Le aziende agricole hanno fatto tesoro dei disastri prodotti dalla crisi. Hanno fatto, cioè, quanto consigliavano i nostri padri: imparare dai propri errori. O per dirla con Cicerone: historia magistra vitae – ha sottolineato Luca Lazzàro, presidnete di Confagricoltura Taranto – Dunque, l’agricoltura è tornata a crescere perché dopo grandi difficoltà ha saputo cambiare registro, rinnovare la propria classe dirigente, innovare i processi produttivi e puntare su nuovi prodotti. Ma anche spingere sulla specializzazione delle produzioni, che è diventata il segno distintivo dell’agricoltura ionica assieme ai marchi identitari. Il settore primario è stato capace di uscire dal tunnel con le proprie forze, con energie fresche e spirito imprenditoriale. Senza piangersi addosso e senza cercare il “doping” delle leggi statali che non hanno reindustrializzato un bel nulla. Oggi cresciamo e vogliamo contare perché per anni abbiamo proposto l’uva al posto dell’acciaio e sembravamo dei matti, mentre ora i numeri ci danno ragione. Il nostro modello di sviluppo alternativo e sostenibile fa bene all’ambiente, alle imprese, ai lavoratori e ai consumatori. Per questo - e per chi sa e vuole vedere lontano -  può rappresentare il futuro di Taranto e merita di starne alla testa”.

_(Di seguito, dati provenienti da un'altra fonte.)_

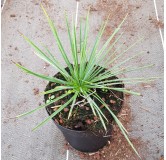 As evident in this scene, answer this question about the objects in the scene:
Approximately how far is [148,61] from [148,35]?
0.26 meters

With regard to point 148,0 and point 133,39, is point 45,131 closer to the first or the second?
point 133,39

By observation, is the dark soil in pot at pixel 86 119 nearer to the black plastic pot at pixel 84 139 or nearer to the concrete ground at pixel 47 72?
the black plastic pot at pixel 84 139

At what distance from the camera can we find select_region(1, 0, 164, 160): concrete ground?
1585 mm

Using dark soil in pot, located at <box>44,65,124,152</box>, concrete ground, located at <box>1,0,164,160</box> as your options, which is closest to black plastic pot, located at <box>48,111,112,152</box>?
dark soil in pot, located at <box>44,65,124,152</box>

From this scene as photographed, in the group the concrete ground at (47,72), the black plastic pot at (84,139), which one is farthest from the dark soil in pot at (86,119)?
the concrete ground at (47,72)

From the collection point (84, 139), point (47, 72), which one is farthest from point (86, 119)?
point (47, 72)

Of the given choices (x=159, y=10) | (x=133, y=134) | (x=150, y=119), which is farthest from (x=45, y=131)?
(x=159, y=10)

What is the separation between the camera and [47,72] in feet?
6.17

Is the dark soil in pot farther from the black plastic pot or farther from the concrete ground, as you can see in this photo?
the concrete ground

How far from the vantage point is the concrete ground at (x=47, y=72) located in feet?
5.20

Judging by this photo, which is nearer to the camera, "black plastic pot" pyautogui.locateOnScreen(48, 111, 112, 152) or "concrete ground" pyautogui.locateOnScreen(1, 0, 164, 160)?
"black plastic pot" pyautogui.locateOnScreen(48, 111, 112, 152)

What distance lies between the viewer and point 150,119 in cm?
166

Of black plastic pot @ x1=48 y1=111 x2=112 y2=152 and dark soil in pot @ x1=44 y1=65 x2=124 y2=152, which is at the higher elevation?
dark soil in pot @ x1=44 y1=65 x2=124 y2=152

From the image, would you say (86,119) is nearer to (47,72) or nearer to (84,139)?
(84,139) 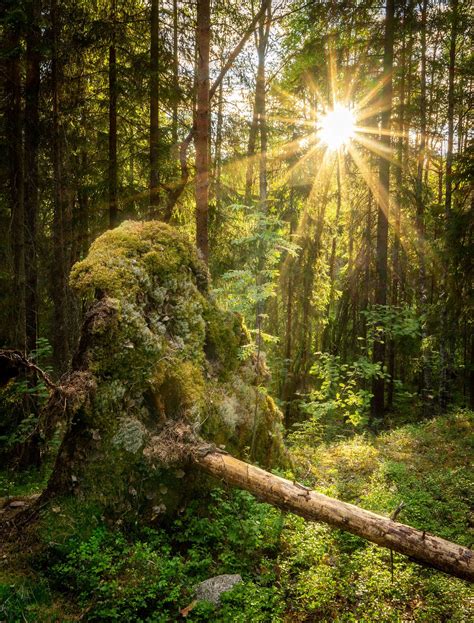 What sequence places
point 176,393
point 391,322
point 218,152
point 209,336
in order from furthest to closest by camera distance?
point 218,152 < point 391,322 < point 209,336 < point 176,393

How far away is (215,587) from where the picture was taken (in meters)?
4.07

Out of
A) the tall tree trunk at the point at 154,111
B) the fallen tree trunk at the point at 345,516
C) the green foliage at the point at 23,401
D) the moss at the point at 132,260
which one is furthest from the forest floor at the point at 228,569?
the tall tree trunk at the point at 154,111

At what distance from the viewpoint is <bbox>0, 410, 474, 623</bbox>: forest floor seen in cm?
378

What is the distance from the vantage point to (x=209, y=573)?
4352mm

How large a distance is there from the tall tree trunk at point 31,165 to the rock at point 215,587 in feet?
19.6

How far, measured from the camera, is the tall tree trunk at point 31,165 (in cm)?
771

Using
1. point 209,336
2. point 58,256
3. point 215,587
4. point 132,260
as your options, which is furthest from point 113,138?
point 215,587

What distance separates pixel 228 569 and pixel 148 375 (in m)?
2.46

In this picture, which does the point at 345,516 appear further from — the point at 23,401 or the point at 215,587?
the point at 23,401

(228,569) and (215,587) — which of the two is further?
(228,569)

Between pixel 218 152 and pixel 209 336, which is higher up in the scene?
pixel 218 152

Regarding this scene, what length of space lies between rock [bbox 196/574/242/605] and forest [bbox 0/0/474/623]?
2 cm

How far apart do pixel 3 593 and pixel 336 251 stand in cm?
1737

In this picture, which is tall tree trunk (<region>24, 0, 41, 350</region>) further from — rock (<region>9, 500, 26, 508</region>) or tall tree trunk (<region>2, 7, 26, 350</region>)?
rock (<region>9, 500, 26, 508</region>) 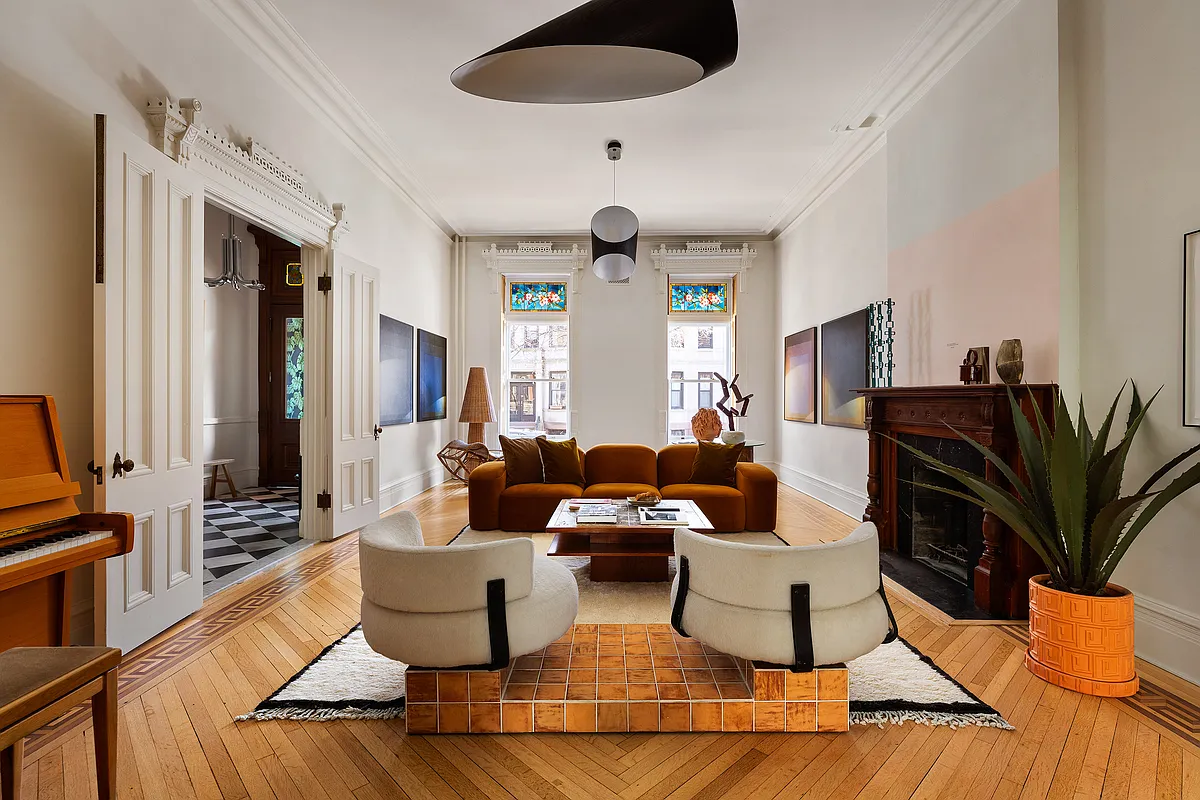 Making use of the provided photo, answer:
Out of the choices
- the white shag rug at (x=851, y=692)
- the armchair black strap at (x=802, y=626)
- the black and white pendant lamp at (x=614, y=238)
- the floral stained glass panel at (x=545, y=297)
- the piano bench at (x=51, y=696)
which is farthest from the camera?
the floral stained glass panel at (x=545, y=297)

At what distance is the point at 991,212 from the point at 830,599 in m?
2.69

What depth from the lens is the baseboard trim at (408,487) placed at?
5.93 meters

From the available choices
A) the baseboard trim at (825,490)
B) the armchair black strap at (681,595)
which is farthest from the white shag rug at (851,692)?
the baseboard trim at (825,490)

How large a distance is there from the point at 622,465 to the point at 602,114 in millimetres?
2841

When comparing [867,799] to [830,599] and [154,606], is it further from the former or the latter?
[154,606]

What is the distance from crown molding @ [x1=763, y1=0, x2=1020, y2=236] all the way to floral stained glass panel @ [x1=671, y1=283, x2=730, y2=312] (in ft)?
7.73

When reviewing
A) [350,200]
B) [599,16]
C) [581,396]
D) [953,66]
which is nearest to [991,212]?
[953,66]

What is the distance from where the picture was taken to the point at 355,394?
489cm

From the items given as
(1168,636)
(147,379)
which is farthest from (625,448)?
(1168,636)

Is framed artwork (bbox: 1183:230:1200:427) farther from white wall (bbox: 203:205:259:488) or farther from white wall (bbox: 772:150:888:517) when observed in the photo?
white wall (bbox: 203:205:259:488)

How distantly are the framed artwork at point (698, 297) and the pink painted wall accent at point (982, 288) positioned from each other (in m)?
3.97

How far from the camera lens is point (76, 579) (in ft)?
8.58

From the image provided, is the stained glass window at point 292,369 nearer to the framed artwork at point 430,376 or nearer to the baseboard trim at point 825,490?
the framed artwork at point 430,376

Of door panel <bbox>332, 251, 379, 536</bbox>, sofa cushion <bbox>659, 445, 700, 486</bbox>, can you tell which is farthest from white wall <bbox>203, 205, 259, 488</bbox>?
sofa cushion <bbox>659, 445, 700, 486</bbox>
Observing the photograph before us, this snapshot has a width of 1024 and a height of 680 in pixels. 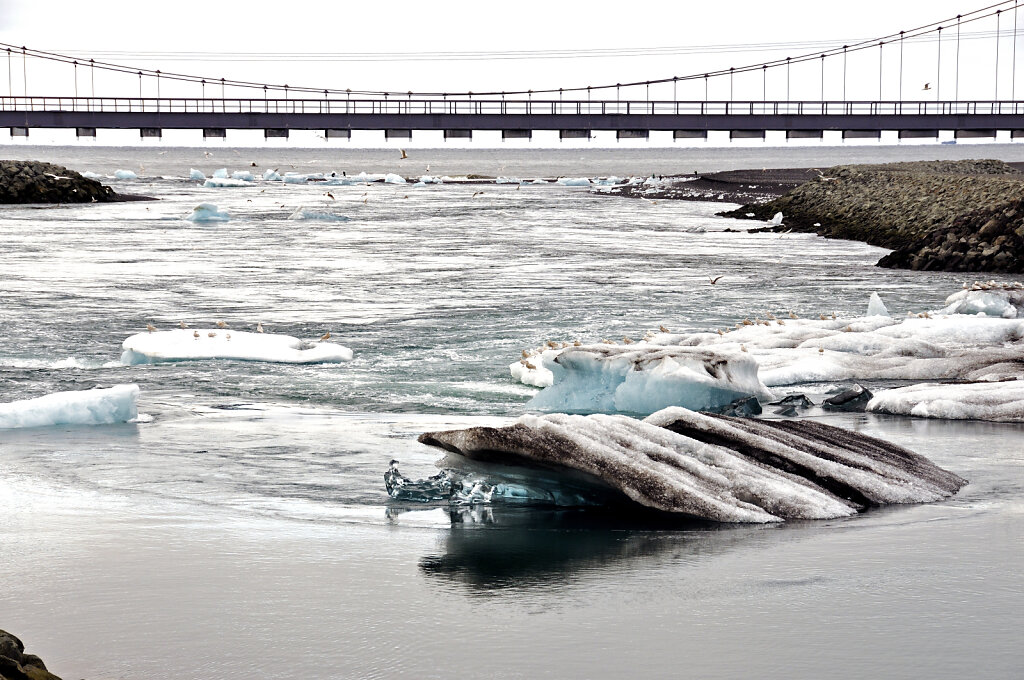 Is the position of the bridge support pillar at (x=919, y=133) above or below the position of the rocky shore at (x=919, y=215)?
above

 “Siamo terra di eccellenze.  E spesso non lo sapevano. Finchè, abbastanza di recente ma sempre più spesso, abbiamo compreso che le nostre ricchezze potevamo valorizzarle da soli e ricavarne tutto il valore aggiunto, invece che farcelo soffiare da altri – ha concluso Antonio Lupoli, presidente di Copagri Taranto) – Quello del Primitivo di Manduria, ad esempio, è un caso di scuola. Per decenni è stato usato per dare corpo e gradazione alcolica ad altri vini, ritenuti più nobili. Poi abbiamo scoperto che avere una storia, una tradizione e inserirle in un marchio, conferendogli riconoscibilità e valorizzandolo sui mercati poteva essere la chiave di volta per conquistare il mondo senza dimenticare le nostre radici. E’ successo col Primitivo, ma in Terra Ionica abbiamo altri “giacimenti” da sfruttare e che dobbiamo imparare a vendere.  Non solo prodotti di massa, ma soprattutto eccellenze da esportare ovunque. Con una consapevolezza che dev’essere la nostra forza: la qualità non si può copiare. Dieci anni fa, per capirci, in Cina non c’erano vigneti, oggi ne hanno oltre 700mila ettari e nei prossimi 5 anni li raddoppieranno. Noi dobbiamo essere convinti di ciò che facciamo e sappiamo far bene: il Primitivo – come altri vini e prodotti di alta qualità - si fa qui e non dovunque e con questa idea possiamo affrontare, e vincere, la sfida del mercato in tutto il mondo”.